В этом-то и заключена суть трагедии: бедные люди, превращающие себя в машины на десять-двенадцать часов рабочего времени, несомненно, полагают, будто, став богатыми, они сразу обрели бы счастье. Но мы то знаем, им ни на шаг не приблизиться к счастью, будь у них даже тысяча лет в запасе. Какой смысл искушать красноносого пьяницу7 ключом от погреба, в котором собраны лучшие вина Бордо? Даже если представить, что когда-то у него был вкус, за долгие годы потребления химической бурды вместо эля и ядовитого якобы виски он испарился без следа; для такого пропойцы самый благородный лафит — не более чем кислая водица.
Не буду долго рассуждать о счастье людей, превративших себя в бездумные машины, скажу лишь, что и на десять тысяч можно не найти одного счастливого. В этом суть: человек счастлив, когда делает то, что хочет делать; однако сие положение было очень давно опровергнуто Сократом.* Он сказал о том, что исполнение желания, qua желания, дарует блаженство: человек с чесоткой ощущает совершенное счастье, поскольку, страстно желая почесаться, он почесал себя, более того, делат это целый день.

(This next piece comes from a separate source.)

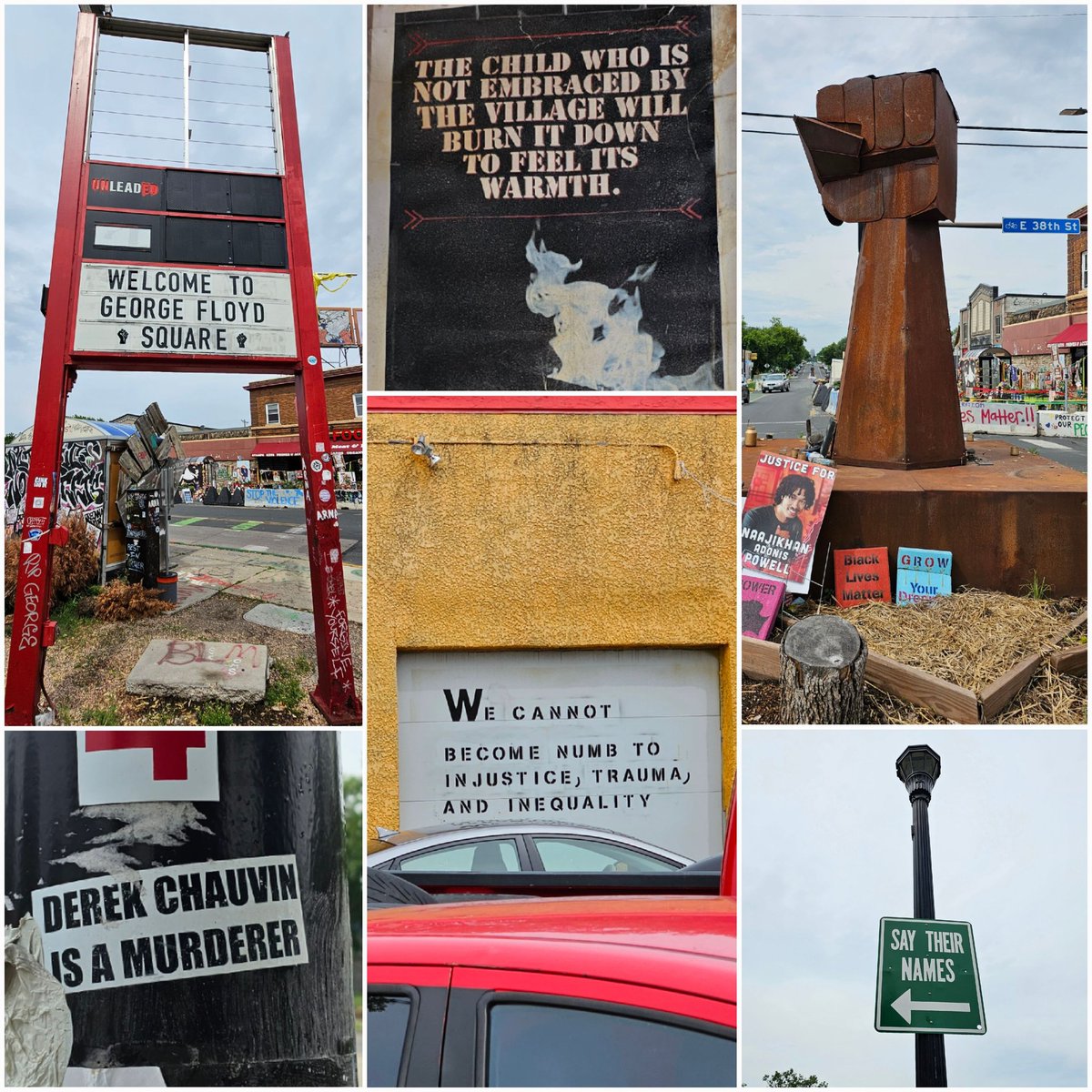 pisanettes's tweet image. On the 4th of July I visited #PhilandoCastile Memorial Garden in St Paul, then #GeorgeFloyd Memorial Square in #Minneapolis. Immensely moving. Just standing. Walking. Words, murals, signs from many many people. Powerful. Heart wrenching.
#SayTheirNames #BlackLivesMatter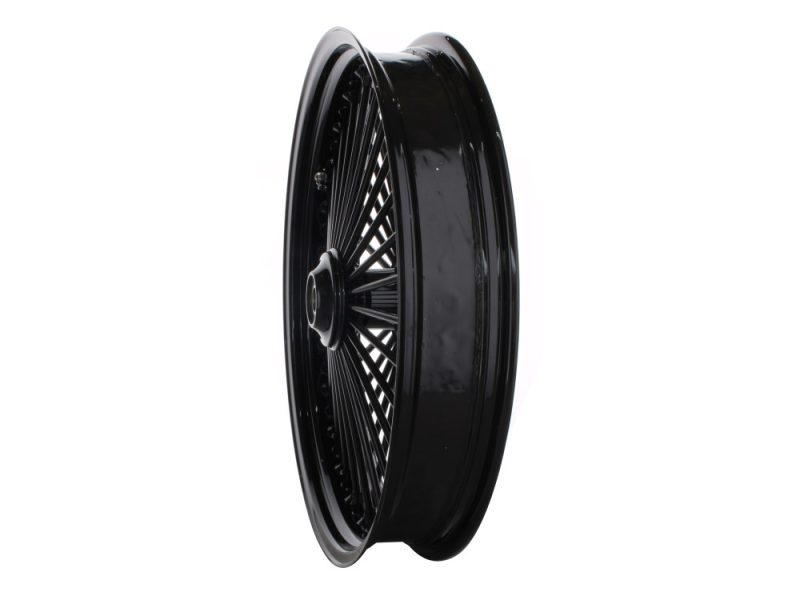 Black spoked motorcycle wheel for Revelry Motorcycles Australian bike customisation.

Насколько мне помнится, Оскар Уайльд в своем «De Рго-f'undis» порицат зло эпохи Ренессанса* — уродство, к которому она неизбежно вела. Не могу с ним не согласиться. Полагаю, что Ренессанс имел в себе все семена смерти; несмотря на бесконечное техническое совершенство, замечательное знание анатомии, музыкальное искусство, чувство красоты в живописи, восторг перед классиками, который породил словно вышедших из могил мертвецов вместо юношей, восхищение (по крайней мере, в Англии) открытием того, что вульгарный язык может быть тончайшим инструментом прозы и поэзии, ощущение свободы после долгого пребывания в неволе, удивление перед заморскими землями, мечты о странном, в самом сердце Ренессанса уже таилась архитектура Гауэр-стрит, «поэзия» Поупа и имитаторов Поупа, жизнь, которую показывали Смолетт и Хогарт,* еще более худшая жизнь в будущем, музыка Стэйнера и Барнби, живопись — многих достойных людей.

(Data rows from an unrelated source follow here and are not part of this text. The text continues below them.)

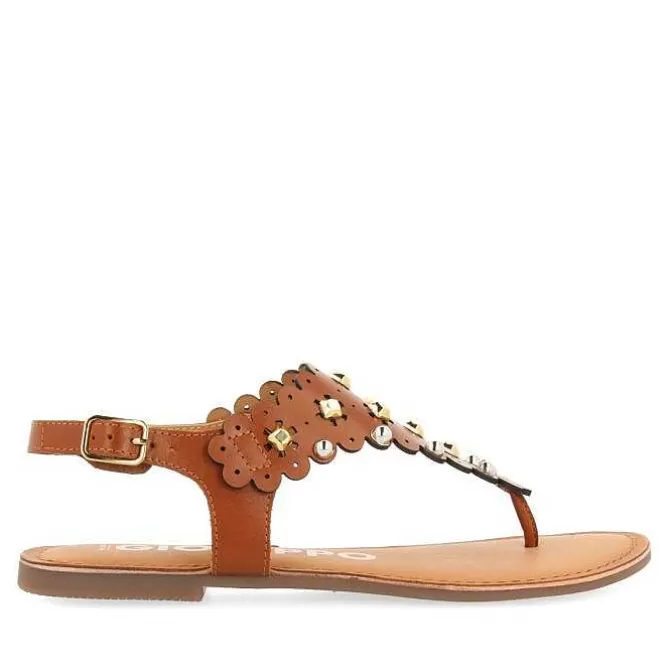 Sandalias Planas<Gioseppo Sandalias De Piel Con Adornos De Flores Y Tachuelas Para Mujer Preloj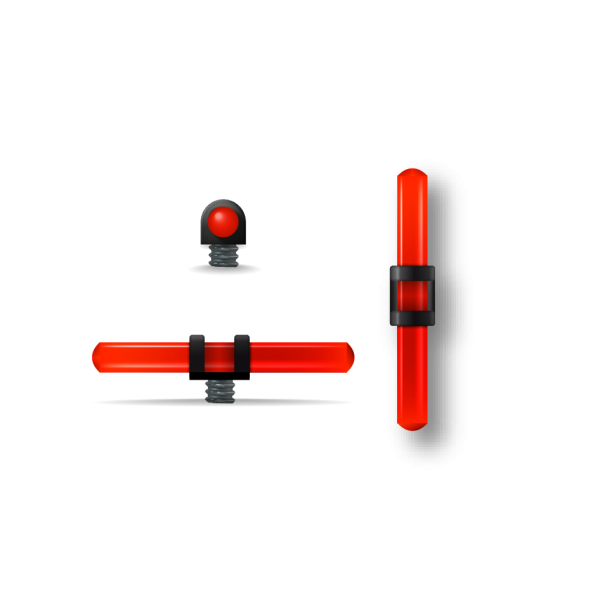 Guidon fluo rouge ajoure M2.6 D2 L17.5 — vue 2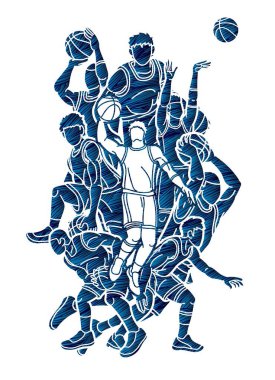 Basketbol oyuncuları grubu çizgi film grafik vektörü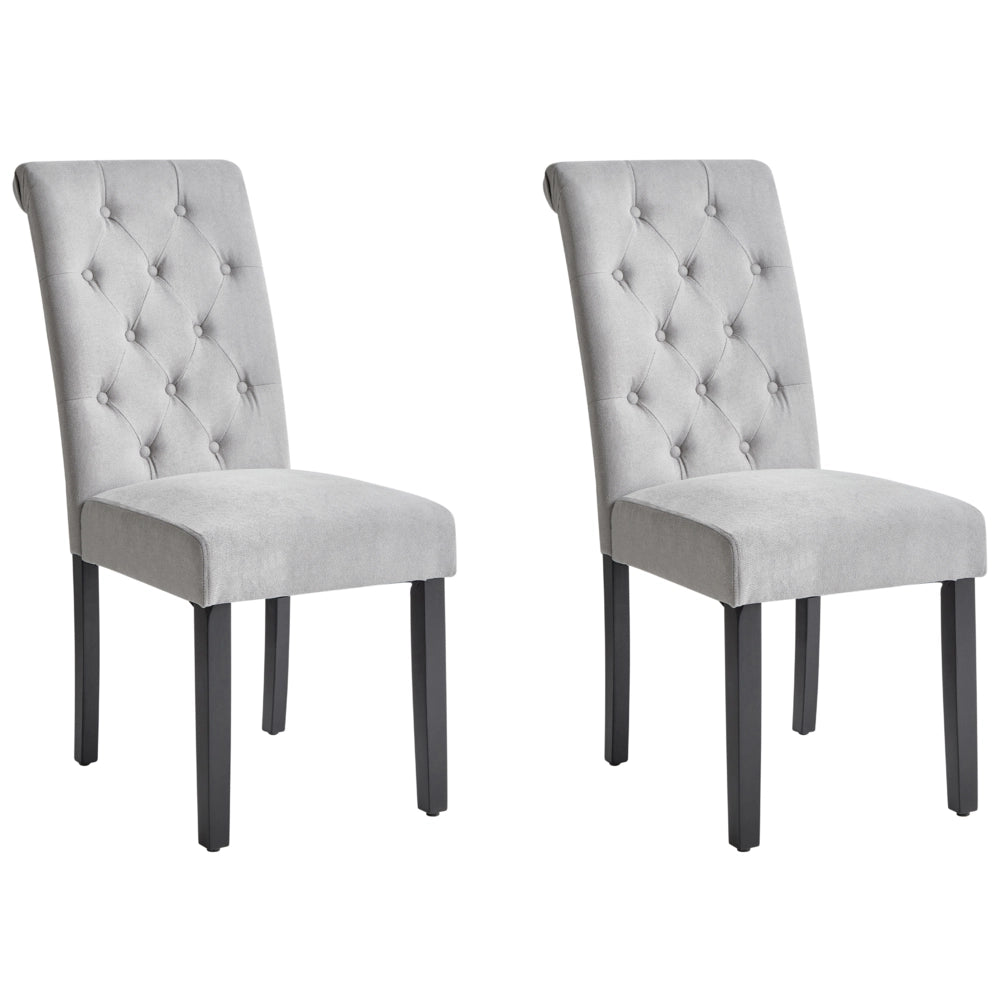 Set di 2 Sedie da Pranzo in Tessuto Grigio Glam Design Moderno Gambe in Legno Nero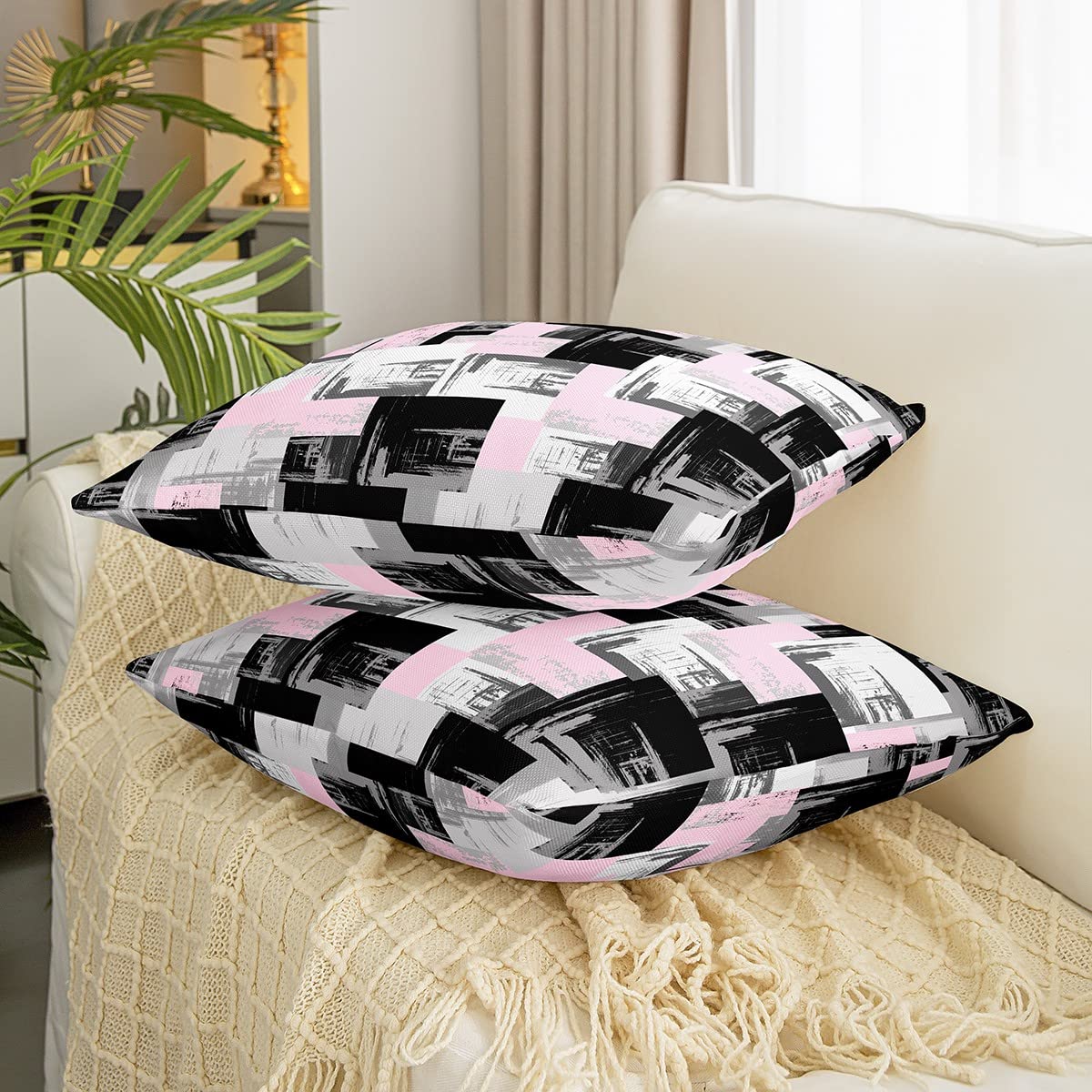 Loussiesd Pink Grey Black Reversible Throw Pillow Covers Kids Buffalo Check Pillow Covers Home Decor for Geometric Square Cushion Covers Set of 2 Modern Abstract Art 16x16 Inch - Image 3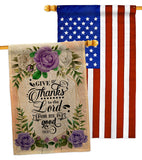 Thanks To the Lord - Faith Religious Inspirational Vertical Impressions Decorative Flags HG130346 Made In USA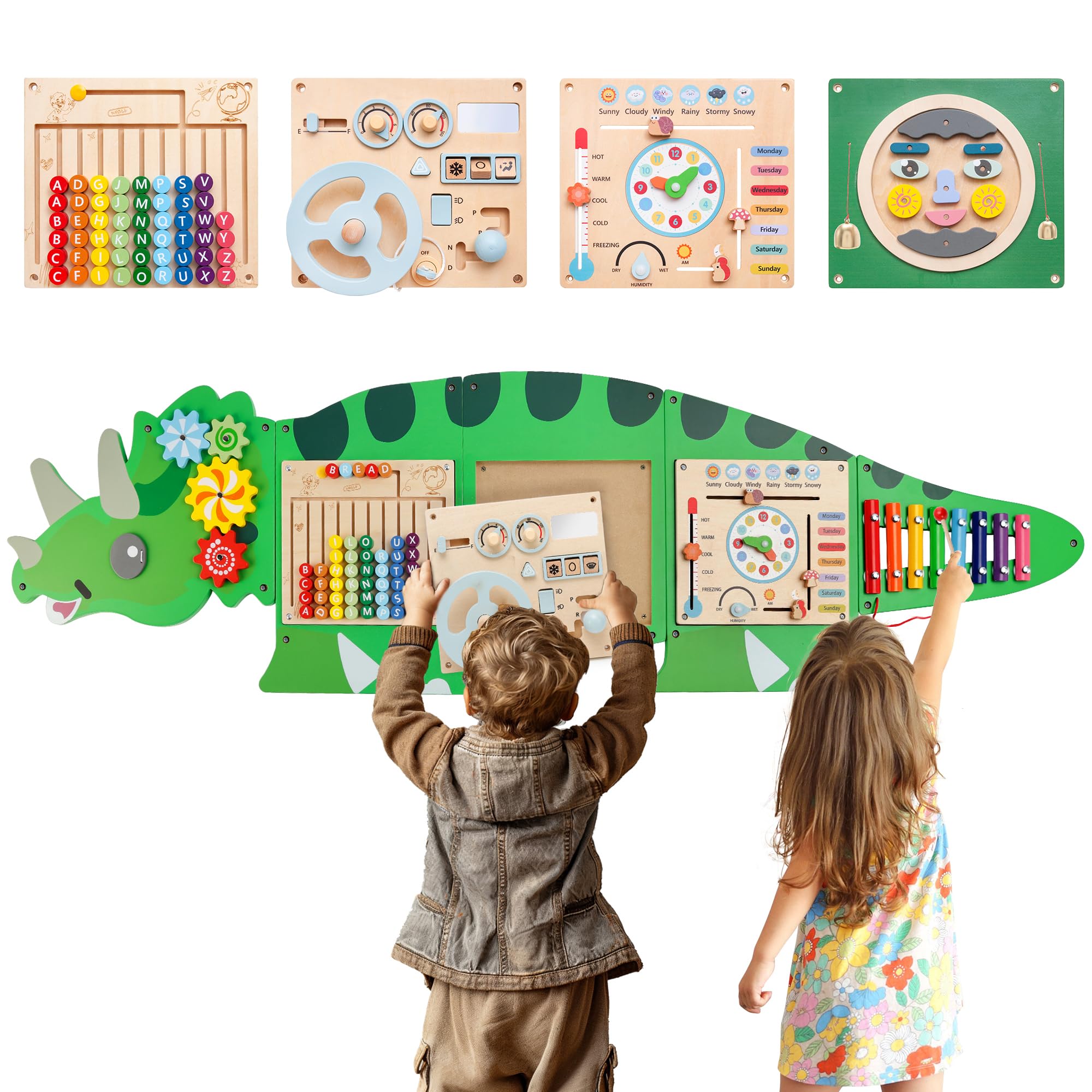 MONT PLEASANT Montessori Busy Board Dinosaur Educational Toy, 4 Interchangeable Wooden Sensory Activity Board Wall Panel for Kids, Sensory Learning Toy for Boys and Girls Playroom, Toddler Room Decor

Странно все-таки; однако Ренессанс, сделавший первые шаги, несомненно, с невероятным чувством освобождения и воли, с эйфорией человека, освободившегося от тяжелого груза, с твердым решением быть оригинальным, закончил в большинстве из своих искусств как подобострастный десяти-разрядный подражатель античности, мучающий мир архитектурными имитациями, которые всем надоели в шестом веке, утомляющий читателей нимфами и пастухами третьей-четвертой руки, тогда как уже существовали творения Вергилия и Горация.* Credite posteri', говорит Гораций, имея в виду какое-то из своих несообразных утверждений относительно фавнов и сатиров; и мы знаем, что потомство не верило в этих фавнов и что сам Гораций, если бы он в самом деле думал, будто видел фавна или сатира, отправился бы в Анти-сиру, куда ссылали сумасшедших.